(Web page caption snippets)

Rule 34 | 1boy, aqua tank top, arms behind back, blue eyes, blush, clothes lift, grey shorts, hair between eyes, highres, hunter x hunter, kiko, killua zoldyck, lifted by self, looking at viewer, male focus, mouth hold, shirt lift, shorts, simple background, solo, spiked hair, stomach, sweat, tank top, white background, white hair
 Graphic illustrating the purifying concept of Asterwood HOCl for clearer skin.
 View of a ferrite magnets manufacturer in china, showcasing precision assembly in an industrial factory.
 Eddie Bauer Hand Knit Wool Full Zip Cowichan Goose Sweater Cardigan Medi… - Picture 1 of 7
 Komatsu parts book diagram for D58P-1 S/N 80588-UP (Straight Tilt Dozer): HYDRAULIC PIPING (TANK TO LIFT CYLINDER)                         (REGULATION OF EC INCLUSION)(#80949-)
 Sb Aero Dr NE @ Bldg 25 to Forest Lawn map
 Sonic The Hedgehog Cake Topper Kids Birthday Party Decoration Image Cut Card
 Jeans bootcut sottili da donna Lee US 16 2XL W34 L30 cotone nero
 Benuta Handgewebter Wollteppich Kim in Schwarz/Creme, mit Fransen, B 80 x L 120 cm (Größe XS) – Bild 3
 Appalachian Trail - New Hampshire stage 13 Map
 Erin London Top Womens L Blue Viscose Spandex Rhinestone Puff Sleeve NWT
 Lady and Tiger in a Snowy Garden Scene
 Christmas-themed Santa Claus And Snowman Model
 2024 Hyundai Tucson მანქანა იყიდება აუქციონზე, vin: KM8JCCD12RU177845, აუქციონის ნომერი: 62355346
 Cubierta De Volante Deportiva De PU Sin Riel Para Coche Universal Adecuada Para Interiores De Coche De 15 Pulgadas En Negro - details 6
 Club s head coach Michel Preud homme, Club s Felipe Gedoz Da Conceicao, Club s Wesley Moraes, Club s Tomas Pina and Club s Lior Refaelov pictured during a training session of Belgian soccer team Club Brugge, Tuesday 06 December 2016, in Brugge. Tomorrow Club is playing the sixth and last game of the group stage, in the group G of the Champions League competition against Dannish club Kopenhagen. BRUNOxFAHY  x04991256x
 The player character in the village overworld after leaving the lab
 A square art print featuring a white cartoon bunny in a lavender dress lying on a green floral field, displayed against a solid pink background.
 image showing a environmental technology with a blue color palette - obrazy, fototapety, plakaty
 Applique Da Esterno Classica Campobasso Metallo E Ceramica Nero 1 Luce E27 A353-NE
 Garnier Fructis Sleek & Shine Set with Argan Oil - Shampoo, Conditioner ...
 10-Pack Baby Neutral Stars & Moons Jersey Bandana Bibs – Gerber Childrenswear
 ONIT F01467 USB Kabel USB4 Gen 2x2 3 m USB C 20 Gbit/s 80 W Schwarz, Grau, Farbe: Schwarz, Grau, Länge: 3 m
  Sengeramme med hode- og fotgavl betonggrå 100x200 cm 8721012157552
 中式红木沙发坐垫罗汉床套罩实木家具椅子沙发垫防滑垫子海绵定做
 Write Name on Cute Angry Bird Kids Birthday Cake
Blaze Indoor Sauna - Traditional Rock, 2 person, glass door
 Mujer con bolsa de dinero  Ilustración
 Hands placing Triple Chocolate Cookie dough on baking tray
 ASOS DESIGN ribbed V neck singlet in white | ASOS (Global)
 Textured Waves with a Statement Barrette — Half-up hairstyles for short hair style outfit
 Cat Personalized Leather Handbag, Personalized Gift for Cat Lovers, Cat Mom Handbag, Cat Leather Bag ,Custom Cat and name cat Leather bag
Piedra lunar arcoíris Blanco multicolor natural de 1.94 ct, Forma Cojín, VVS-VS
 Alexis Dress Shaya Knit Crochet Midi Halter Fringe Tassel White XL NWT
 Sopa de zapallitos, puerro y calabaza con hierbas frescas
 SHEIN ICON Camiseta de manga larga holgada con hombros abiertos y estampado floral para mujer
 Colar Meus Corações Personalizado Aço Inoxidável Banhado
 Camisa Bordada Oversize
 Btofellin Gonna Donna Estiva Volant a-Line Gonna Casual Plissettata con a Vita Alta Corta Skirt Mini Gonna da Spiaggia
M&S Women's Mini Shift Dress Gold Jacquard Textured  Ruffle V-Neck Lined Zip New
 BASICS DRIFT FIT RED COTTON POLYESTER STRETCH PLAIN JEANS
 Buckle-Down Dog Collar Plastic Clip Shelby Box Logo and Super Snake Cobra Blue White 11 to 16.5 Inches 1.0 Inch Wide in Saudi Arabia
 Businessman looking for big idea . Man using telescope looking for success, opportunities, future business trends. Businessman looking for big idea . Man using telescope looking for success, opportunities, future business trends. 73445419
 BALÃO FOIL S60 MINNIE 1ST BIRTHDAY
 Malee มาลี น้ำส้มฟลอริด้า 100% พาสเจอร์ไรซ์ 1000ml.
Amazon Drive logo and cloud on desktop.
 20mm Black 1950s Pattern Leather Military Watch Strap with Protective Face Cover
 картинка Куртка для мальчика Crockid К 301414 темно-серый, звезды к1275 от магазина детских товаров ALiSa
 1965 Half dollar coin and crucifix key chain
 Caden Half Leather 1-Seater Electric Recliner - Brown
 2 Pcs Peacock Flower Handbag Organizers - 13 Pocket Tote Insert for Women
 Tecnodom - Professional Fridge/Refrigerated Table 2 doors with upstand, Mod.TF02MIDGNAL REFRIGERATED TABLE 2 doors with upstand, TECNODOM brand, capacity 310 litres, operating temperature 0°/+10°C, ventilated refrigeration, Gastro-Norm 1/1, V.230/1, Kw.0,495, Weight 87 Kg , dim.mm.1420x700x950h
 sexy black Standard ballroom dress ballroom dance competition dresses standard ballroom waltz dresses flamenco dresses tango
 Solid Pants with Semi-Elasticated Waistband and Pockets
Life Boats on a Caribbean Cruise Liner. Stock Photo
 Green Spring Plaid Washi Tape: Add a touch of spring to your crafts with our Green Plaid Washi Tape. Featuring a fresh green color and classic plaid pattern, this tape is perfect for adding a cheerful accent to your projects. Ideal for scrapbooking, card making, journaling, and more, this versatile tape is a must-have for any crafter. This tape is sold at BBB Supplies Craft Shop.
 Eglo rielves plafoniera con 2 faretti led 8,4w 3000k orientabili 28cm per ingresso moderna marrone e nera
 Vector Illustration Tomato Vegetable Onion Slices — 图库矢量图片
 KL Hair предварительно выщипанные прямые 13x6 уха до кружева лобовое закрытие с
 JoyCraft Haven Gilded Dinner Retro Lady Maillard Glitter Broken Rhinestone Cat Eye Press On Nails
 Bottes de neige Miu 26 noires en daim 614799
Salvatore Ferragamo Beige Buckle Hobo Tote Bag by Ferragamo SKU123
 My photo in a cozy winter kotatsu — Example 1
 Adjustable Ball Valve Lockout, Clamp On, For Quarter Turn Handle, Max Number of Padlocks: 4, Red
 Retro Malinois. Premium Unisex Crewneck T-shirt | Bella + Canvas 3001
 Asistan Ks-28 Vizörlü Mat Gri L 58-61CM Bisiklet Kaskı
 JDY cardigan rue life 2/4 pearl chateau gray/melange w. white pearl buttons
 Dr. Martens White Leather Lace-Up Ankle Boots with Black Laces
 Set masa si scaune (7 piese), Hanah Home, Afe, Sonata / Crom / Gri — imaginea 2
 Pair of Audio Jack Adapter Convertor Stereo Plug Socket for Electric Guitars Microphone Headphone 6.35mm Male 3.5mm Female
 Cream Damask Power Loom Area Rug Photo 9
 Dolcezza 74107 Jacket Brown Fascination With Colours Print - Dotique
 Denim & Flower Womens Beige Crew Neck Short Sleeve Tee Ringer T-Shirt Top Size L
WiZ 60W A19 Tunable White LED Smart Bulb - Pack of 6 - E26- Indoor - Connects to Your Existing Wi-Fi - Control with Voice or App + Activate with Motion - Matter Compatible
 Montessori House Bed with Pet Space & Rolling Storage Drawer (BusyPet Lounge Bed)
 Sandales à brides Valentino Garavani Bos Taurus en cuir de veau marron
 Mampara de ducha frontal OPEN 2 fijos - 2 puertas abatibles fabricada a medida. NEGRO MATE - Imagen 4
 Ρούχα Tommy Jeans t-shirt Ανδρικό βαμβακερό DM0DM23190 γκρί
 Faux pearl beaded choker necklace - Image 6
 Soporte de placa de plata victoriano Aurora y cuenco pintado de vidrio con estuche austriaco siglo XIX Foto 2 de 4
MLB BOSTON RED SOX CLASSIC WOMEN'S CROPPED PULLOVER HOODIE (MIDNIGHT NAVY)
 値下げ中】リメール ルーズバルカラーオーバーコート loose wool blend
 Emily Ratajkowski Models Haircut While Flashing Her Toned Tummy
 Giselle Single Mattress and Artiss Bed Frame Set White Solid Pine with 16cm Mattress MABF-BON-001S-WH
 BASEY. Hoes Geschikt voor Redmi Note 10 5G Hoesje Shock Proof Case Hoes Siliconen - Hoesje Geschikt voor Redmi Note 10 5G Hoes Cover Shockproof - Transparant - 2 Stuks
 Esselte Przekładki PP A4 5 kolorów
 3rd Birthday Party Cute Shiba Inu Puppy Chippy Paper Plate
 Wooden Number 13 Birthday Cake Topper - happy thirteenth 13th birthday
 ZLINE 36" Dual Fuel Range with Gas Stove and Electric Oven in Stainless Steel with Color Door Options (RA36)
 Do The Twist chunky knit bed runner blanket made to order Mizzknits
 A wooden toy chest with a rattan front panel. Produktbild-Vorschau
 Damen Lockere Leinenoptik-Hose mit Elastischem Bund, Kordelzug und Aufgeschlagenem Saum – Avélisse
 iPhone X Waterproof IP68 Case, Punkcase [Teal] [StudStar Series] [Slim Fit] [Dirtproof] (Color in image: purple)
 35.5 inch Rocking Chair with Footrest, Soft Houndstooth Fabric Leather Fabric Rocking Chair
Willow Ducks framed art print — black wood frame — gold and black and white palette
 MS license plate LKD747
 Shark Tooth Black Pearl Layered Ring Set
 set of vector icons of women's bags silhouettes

— WORK REQUEST —
No line before the one containing "Soporte de placa" belongs in the answer; give again exactly that line and all lines after it through the end of the data.

— RESULT —
 Soporte de placa de plata victoriano Aurora y cuenco pintado de vidrio con estuche austriaco siglo XIX Foto 2 de 4
MLB BOSTON RED SOX CLASSIC WOMEN'S CROPPED PULLOVER HOODIE (MIDNIGHT NAVY)
 値下げ中】リメール ルーズバルカラーオーバーコート loose wool blend
 Emily Ratajkowski Models Haircut While Flashing Her Toned Tummy
 Giselle Single Mattress and Artiss Bed Frame Set White Solid Pine with 16cm Mattress MABF-BON-001S-WH
 BASEY. Hoes Geschikt voor Redmi Note 10 5G Hoesje Shock Proof Case Hoes Siliconen - Hoesje Geschikt voor Redmi Note 10 5G Hoes Cover Shockproof - Transparant - 2 Stuks
 Esselte Przekładki PP A4 5 kolorów
 3rd Birthday Party Cute Shiba Inu Puppy Chippy Paper Plate
 Wooden Number 13 Birthday Cake Topper - happy thirteenth 13th birthday
 ZLINE 36" Dual Fuel Range with Gas Stove and Electric Oven in Stainless Steel with Color Door Options (RA36)
 Do The Twist chunky knit bed runner blanket made to order Mizzknits
 A wooden toy chest with a rattan front panel. Produktbild-Vorschau
 Damen Lockere Leinenoptik-Hose mit Elastischem Bund, Kordelzug und Aufgeschlagenem Saum – Avélisse
 iPhone X Waterproof IP68 Case, Punkcase [Teal] [StudStar Series] [Slim Fit] [Dirtproof] (Color in image: purple)
 35.5 inch Rocking Chair with Footrest, Soft Houndstooth Fabric Leather Fabric Rocking Chair
Willow Ducks framed art print — black wood frame — gold and black and white palette
 MS license plate LKD747
 Shark Tooth Black Pearl Layered Ring Set
 set of vector icons of women's bags silhouettes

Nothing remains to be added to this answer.